It's important to note that pieces[1]
is the parameterized ligand, as we will be replacing it further down in this example. If you apply this notebook to a system with a different number of components, or with objects in a different order, you may need to change some of the code below accordingly.
Here we assume a complicated scenario -- We have a SDF of our ligand available (ligand.sdf
), containing bond orders and enough detail about the molecule for us to parameterize the ligand. However, this SDF does not necessarily have the same atom indexing or coordinates as the original ligand in system.prmtop
and system.crd
. If we mix up the ligand atom indices and try to use the original ligand coordinates, the ligand's initial geometry will be nonsense. So, we've also got a copy of the ligand as ligand.pdb
(which we could have extracted from a dump of our system to PDB format, if desired), and we're going to use that as a reference to get the atom indexing right.

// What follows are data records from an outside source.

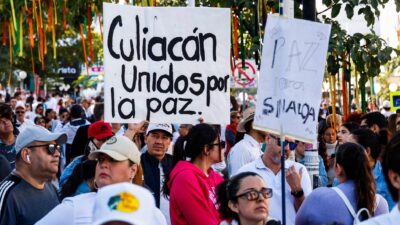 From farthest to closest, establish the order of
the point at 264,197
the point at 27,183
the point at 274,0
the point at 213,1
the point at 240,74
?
the point at 240,74
the point at 213,1
the point at 274,0
the point at 27,183
the point at 264,197

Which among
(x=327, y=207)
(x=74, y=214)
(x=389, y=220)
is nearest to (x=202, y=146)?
(x=327, y=207)

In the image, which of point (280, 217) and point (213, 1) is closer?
point (280, 217)

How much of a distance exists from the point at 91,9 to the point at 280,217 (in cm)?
631

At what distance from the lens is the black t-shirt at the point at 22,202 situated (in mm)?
6258

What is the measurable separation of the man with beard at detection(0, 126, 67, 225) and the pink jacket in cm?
83

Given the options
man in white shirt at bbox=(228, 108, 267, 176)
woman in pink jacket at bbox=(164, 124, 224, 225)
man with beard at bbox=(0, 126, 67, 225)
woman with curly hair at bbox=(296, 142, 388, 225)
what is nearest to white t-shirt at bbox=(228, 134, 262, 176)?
man in white shirt at bbox=(228, 108, 267, 176)

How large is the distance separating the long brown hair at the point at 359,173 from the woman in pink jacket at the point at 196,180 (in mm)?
923

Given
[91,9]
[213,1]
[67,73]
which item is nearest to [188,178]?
[213,1]

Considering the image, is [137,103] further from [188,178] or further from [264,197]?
[264,197]

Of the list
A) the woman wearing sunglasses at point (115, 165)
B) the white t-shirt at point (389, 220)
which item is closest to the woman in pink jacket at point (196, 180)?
the woman wearing sunglasses at point (115, 165)

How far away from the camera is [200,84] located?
8055 mm

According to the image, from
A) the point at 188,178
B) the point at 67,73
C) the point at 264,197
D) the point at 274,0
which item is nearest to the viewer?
the point at 264,197

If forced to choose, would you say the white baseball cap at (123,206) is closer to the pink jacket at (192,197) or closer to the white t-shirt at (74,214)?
the white t-shirt at (74,214)

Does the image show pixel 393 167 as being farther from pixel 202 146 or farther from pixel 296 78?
pixel 202 146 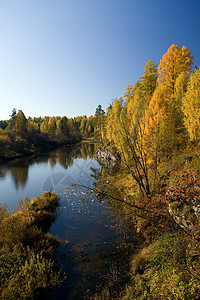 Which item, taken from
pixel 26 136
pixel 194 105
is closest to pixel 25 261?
pixel 194 105

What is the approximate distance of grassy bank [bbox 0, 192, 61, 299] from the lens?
6.33 metres

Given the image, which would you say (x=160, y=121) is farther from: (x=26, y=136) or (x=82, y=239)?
(x=26, y=136)

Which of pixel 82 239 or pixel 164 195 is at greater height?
A: pixel 164 195

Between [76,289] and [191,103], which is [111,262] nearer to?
[76,289]

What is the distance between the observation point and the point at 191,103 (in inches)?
533

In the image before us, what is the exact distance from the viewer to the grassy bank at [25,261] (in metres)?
6.33

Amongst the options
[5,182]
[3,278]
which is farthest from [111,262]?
[5,182]

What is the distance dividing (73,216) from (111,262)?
21.7 ft

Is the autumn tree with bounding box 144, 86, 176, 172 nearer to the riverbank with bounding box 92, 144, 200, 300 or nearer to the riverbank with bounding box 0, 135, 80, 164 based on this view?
the riverbank with bounding box 92, 144, 200, 300

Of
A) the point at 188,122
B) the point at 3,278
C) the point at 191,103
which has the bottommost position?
the point at 3,278

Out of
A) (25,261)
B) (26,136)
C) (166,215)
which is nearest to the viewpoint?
(25,261)

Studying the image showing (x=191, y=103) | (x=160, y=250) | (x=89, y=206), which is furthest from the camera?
(x=89, y=206)

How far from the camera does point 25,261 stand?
23.7ft

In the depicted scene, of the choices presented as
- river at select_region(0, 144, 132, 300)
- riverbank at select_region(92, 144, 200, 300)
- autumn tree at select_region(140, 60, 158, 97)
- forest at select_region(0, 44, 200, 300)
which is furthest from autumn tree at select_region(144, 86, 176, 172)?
autumn tree at select_region(140, 60, 158, 97) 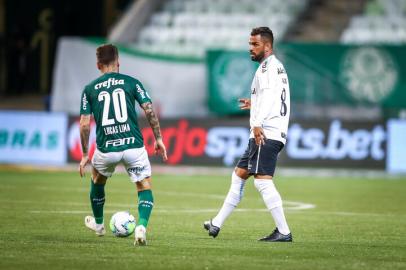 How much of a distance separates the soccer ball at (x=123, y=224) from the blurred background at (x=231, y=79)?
13.7 metres

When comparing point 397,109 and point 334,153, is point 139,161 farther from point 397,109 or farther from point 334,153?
point 397,109

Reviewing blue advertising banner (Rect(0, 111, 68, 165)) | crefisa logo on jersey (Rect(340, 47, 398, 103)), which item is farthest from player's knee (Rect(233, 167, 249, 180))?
crefisa logo on jersey (Rect(340, 47, 398, 103))

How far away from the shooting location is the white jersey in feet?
36.4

This example will use the simtk.openmm.app.PDBFile
class to read ligand.pdb
and then use Topology.from_openmm
to create an OpenFF Topology that contains the ligand in the correct atom ordering.

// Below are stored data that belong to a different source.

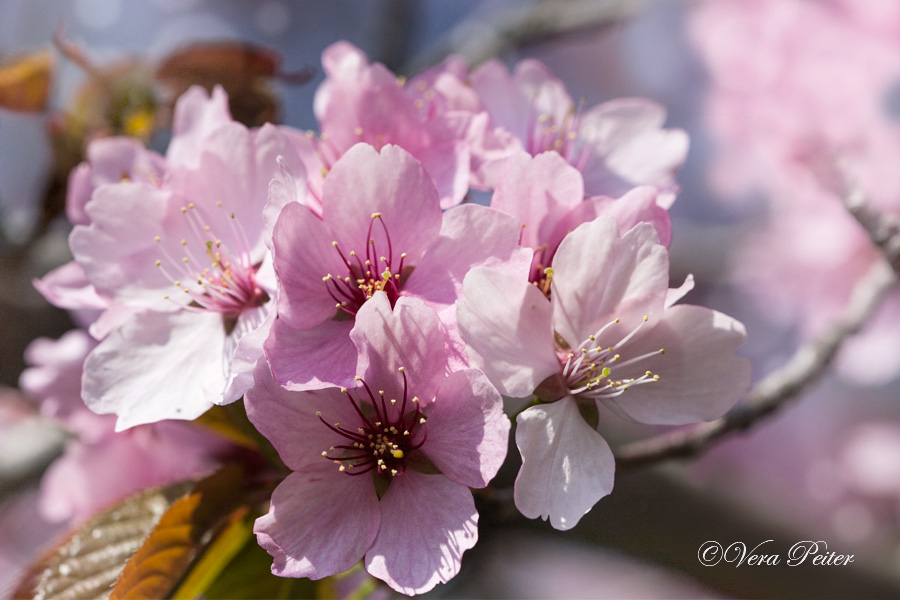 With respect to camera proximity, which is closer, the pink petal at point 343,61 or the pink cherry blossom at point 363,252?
the pink cherry blossom at point 363,252

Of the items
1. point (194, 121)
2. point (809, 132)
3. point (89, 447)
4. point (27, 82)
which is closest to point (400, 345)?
point (194, 121)

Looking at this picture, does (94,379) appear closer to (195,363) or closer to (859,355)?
(195,363)

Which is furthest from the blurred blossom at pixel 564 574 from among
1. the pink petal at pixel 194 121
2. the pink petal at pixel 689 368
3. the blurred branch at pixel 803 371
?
the pink petal at pixel 194 121

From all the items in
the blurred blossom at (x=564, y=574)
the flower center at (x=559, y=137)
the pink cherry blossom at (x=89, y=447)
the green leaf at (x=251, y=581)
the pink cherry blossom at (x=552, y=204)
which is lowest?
the blurred blossom at (x=564, y=574)

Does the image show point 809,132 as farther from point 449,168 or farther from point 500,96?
point 449,168

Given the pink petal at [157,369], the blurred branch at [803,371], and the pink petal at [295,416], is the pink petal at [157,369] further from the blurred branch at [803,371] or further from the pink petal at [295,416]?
the blurred branch at [803,371]

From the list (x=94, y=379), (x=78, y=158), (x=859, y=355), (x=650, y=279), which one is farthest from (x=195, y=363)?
(x=859, y=355)

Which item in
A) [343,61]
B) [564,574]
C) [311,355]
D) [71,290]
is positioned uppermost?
[343,61] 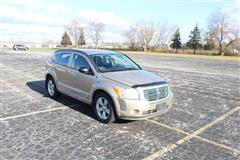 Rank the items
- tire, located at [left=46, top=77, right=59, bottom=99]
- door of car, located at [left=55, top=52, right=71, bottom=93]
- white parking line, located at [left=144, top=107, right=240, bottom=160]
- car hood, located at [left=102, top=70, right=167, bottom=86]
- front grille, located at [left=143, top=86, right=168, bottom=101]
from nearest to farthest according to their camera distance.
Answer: white parking line, located at [left=144, top=107, right=240, bottom=160]
front grille, located at [left=143, top=86, right=168, bottom=101]
car hood, located at [left=102, top=70, right=167, bottom=86]
door of car, located at [left=55, top=52, right=71, bottom=93]
tire, located at [left=46, top=77, right=59, bottom=99]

If you know that this indexing mismatch will never occur for your data sources, and that your SDFs always contain the correct ordering, you can skip this step by simply running ligand_off_topology = ligand_off_molecule.to_topology()
In [4]:
from openforcefield.topology import Molecule, Topology
from simtk.openmm.app import PDBFile
ligand_off_molecule = Molecule('ligand.sdf')
ligand_pdbfile = PDBFile('ligand.pdb')
ligand_off_topology = Topology.from_openmm(ligand_pdbfile.topology,
unique_molecules=[ligand_off_molecule])
Here we begin by loading a SMIRNOFF force field -- in this case, the OpenFF-1.0 force field, "Parsley".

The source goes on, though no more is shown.